Editorial/ Big moon: Illuminating a pollution problem

A handful of skywatchers had gathered, cameras or leashes in hand, to attend the most anticipated moonrise of the last 133 years. They stood on the northeast side of the city lake -- the darkest side, where wetlands and woods and a big graveyard might create a kind of refuge for moonbeams, a place where light might fall from heaven to snowy earth without interference from man-made rivals.

As it cleared the treetops the moon was, indeed, astonishingly big and bright. In the unclouded sky it seemed near enough to touch. One watcher, mocking the media spoilsports, gauged it at 14 percent larger than usual, and perhaps 7 percent brighter. The point was that numbers had nothing to do with this kind of celestial beauty and neither, really, did the convergence of solstice and perigee. Any full moon is a lovely thing to behold in the winter sky.
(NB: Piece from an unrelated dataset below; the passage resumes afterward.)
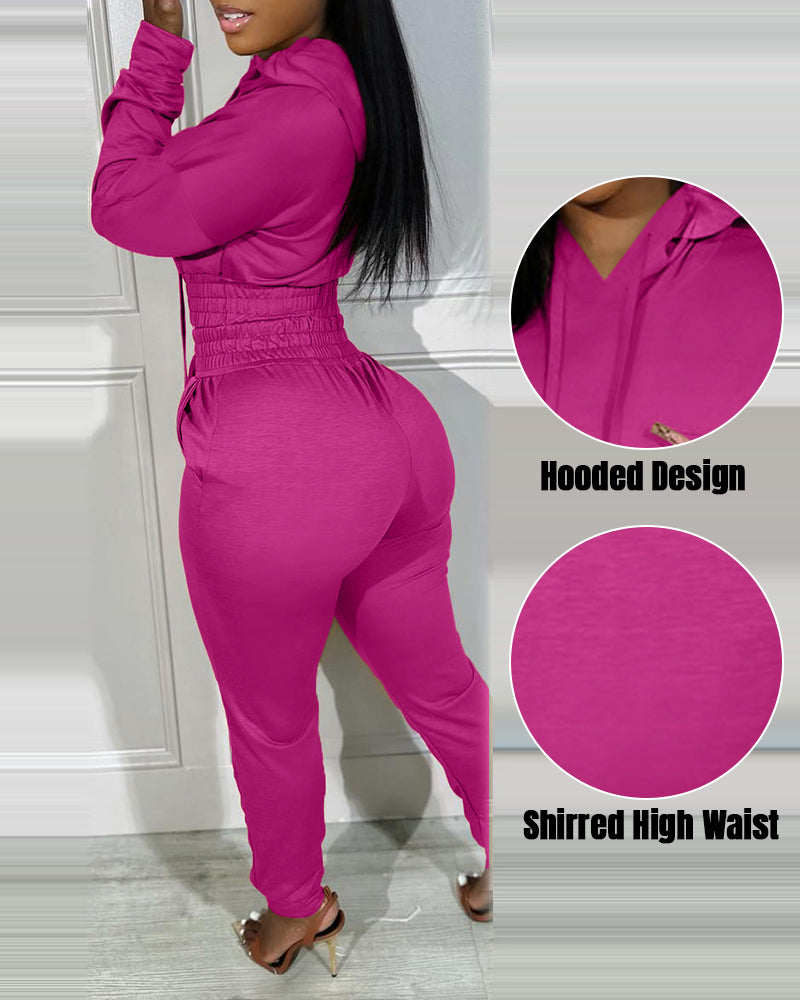 2-Piece Tracksuit with Hoodie and Jogger Sweatpants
But it is best to keep the neck craned sharply backward and the gaze far above the horizon. In just about any settled place these days, the competition from streetlights, headlights, house lights, security lights -- and, just about now, the holiday lights that seem to grow about 14 percent brighter each year -- shrinks the moon to insignificance in the terrestrial landscape. This is light pollution, and refuge is getting ever more difficult to find.

One of Wednesday night's walkers went looking, trying out potential dark spots in the woods, in the wetland, in a knot of big, thick spruces; no luck. (The cemetery looked promising, but the gates were locked.) Everywhere electric light poured outward and upward, creating an overhead glow so intense that nothing was visible in the night sky but the half-dozen brightest stars, this splendid moon -- and the jetliners buzzing around it like fireflies.

Much sport has been made of predictions in the Old Farmer's Almanac that motorists would need no headlights during this lunar maximum. The truth is, it is no particular trick in wintertime to drive without headlights in most parts of the metropolitan area and many smaller cities -- as long as the road has been scraped down to the black. Waste light covers the basic illumination needs and then some.

The issue of light pollution is a newer one and has yet to get the serious attention it deserves. Certainly other environmental problems are more pressing. But the amount of energy wasted throwing light where it isn't needed, and doesn't belong, is hardly trivial; sensible alternatives are readily available and affordable.

As for the impact on environmental quality, one needn't be an astronomer to grasp what could be gained from putting some darkness back into the night sky. It's as simple a matter as being able to admire a full moon -- any full moon -- as it transforms the winter landscape.